On the Anglo-American Saeculum: “The saeculum is a seasonal cycle of history, roughly the length of a long life [i.e. 80-100 years], that explains the periodic recurrences of Awakenings and Crises throughout modernity. The Anglo-American saeculum dates back to the waning of the Middle Ages in the middle of the fifteenth century.” (Page 123)

On the seven prior Fourth Turnings in the Anglo-American lineage:

Wars of the Roses (1459-1487), Late Medieval Saeculum
Armada Crisis (1569-1594), Reformation Saeculum
Glorious Revolution (1675-1704), New World Saeculum
American Revolution (1860-1865), Civil War Saeculum
Great Depression and World War Two (1929-1946), Great Power Saeculum

“With the partial exception of the U.S. Civil War, Each Fourth Turning followed a similar morphology.” (Page 259)

On the circularity of life, but also its perpetuity: “Modern societies too often reject circles for straight lines between starts and finishes. Believers in linear progress, we feel the need to keep moving forward. The more we endeavor to defeat nature, the more profoundly we land at the mercy of its deeper rhythms.” (Page 329)

On empowerment by the next Fourth Turning: “We should not feel limited, but rather empowered by the knowledge that the Fourth Turning’s ekpyrosis [i.e. a Stoic belief in the periodic destruction of the cosmos by a great conflagration every Great Year] can have such decisive consequences. By lending structure to life and time, the seaculum makes human history all the more purposeful. A belief in foreseeable seasons and perceptible rhythms can inspire a society or an individual to do great things that might otherwise seem pointless.” (Page 332)

Throughout years of research and analysis, Strauss and Howe located patterns that recur over time and discovered the natural rhythms of social experience. They then shared what they learned in this book, first published 15 years ago. They help their reader to understand “what the cycles of history tell us about America’s next rendezvous with history.” Although I carefully re-read the several hundred passages I had highlighted before composing this review, I do not claim to understand, fully, everything in the book.

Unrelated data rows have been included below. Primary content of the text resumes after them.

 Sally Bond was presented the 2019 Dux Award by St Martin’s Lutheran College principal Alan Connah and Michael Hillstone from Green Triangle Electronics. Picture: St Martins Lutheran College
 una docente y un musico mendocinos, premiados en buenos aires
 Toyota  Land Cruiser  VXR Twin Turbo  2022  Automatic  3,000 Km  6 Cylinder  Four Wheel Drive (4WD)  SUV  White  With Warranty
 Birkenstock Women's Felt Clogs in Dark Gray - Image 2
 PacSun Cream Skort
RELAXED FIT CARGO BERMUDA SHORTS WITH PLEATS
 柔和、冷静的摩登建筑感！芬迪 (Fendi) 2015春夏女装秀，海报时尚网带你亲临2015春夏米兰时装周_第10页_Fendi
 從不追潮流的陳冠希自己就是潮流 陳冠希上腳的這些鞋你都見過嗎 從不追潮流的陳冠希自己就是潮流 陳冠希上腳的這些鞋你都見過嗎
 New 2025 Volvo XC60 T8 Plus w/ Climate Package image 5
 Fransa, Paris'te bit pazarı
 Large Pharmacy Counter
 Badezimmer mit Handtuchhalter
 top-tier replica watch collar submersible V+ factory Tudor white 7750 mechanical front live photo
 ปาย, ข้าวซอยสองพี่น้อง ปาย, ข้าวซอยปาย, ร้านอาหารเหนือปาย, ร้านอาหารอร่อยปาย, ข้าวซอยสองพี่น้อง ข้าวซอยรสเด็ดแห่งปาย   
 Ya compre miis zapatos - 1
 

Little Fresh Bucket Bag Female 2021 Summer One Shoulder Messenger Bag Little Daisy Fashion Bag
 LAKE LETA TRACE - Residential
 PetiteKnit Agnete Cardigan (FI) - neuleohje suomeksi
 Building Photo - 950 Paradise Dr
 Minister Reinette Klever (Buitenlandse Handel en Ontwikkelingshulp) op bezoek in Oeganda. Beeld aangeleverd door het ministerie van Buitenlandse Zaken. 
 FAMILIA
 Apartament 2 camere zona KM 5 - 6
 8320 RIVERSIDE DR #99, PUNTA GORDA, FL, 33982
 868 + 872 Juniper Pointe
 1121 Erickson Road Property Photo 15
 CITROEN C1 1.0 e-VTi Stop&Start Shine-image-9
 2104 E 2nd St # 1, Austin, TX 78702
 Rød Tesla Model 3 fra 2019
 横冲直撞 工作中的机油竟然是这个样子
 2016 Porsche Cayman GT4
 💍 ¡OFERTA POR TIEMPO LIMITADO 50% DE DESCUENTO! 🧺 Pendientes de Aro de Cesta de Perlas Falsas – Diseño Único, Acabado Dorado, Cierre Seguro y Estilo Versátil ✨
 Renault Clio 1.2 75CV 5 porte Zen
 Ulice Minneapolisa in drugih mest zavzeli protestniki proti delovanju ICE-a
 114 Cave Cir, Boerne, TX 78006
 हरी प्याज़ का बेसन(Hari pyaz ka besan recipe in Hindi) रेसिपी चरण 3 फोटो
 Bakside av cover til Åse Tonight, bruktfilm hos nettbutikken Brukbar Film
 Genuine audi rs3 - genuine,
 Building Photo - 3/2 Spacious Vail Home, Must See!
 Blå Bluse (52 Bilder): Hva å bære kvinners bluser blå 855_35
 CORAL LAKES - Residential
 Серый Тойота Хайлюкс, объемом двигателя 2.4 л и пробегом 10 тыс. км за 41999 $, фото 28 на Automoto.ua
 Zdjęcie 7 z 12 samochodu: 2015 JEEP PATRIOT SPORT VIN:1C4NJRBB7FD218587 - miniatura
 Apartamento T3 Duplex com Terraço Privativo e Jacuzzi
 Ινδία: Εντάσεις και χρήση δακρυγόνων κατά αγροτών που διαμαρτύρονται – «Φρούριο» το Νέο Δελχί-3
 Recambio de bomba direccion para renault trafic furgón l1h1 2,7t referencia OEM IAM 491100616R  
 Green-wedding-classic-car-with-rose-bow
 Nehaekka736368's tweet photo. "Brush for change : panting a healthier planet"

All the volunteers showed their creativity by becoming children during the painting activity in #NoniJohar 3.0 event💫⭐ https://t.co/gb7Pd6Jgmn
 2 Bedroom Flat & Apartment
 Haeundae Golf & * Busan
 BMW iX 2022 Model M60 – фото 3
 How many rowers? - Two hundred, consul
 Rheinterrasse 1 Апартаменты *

We cannot predict with seamless accuracy what will happen in months and years to come. However, I agree with William Strauss and Neil Howe that we can prepare for probable contingencies with initiatives guided and informed by the information insights, and wisdom they provide in this book.

Arthur Schlesinger, Jr. provides an appropriate conclusion to this review: “A true cycle…is self-generating. It cannot be determined, short of catastrophe, by external events…The roots of this cyclical self-sufficiency lie deep in the natural life of humanity. There is a cyclical pattern in organic nature – in the tides, in the seasons, in night and day, in the systole and diastole of the human heart.”